Sayang sekali kalau waktu ini aku habiskan dengan berdiam seperti ini. Aku butuh satu rokok lagi. Ah, maksudku satu bungkus, atau mungkin dua.

Sulit rasanya membiasakan diri tanpa rokok setelah kepergian Mas Rico. Aku memang sudah mengenal rokok sejak duduk di bangku SMP. Setelah mengenal Mas Rico tiga tahun lalu tepat di hari ulang tahunku, canduku beralih kepada semua yang ada pada dirinya. Kalau aku hitung rasanya sudah lima belas tahun aku mengenal benda penenang raga ini. Nikmat tiada tara selalu kudapati setelah berinteraksi dengan asap yang aku ciptakan sendiri.

Aku tidak lagi peduli pada diriku. Jiwaku sudah pergi bersama Mas Rico. Sekarang aku hanya seonggok daging berjalan yang mengeluarkan banyak asap dari mulut atau hidungku. Bau tidak sedap juga menyelimuti aku.

Tubuh ini sudah tidak layak dihidupi. Rambut menjadi kusam tidak terurus. Tubuhku menjadi kurus. Mulutku tidak lagi merona. Terlihat benjolan di dekat leher yang jenjang ini. Lidahku terbelah-belah seolah aku iris banyak. Banyak bercak putih di sekitar mulutku ini. Aku seperti monster jika dilihat dari luar dan aku seperti mayat berjalan jika kamu menerawang sampai kedalam.
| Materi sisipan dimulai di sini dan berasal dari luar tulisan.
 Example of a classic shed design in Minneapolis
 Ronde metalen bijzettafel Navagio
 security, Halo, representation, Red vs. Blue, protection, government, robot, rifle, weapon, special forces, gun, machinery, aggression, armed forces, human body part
Aku terdiagnosa kanker mulut. Beberapa kerabat meminta aku untuk segera berobat. Aku tetap tidak peduli lagi akan seperti apa nantinya. Aku kembali berlari menjauhi semua yang menggangguku dari nyamannya hidup sendiri.

Tubuhku semakin tidak karuan. Rambutku semakin menipis. Luka di mulut membuat rokok dan alkohol tidak lagi menjadi sahabat baikku. Aku sudah semakin menjadi mayat hidup yang tidak makan dan minum, tapi masih bernapas dengan segarnya oksigen. Aku tidak sedih melihat diri ku yang begini. Aku menunggu ajal membawaku kembali bersama Mas Rico. Biarkan saja harta berlimpah ini. Biarkan saja mereka yang sedih aku tinggalkan.

Mas, aku segera menyusul. Jangan marahi aku yah karena semua perbuatan aku ini. Aku hanya tidak bisa hidup sendiri tanpa kamu. Rasa sayang yang menjadi kebiasaan akan kamu memaksa untuk aku berlari bertemu lagi dengan kamu. Tunggu aku…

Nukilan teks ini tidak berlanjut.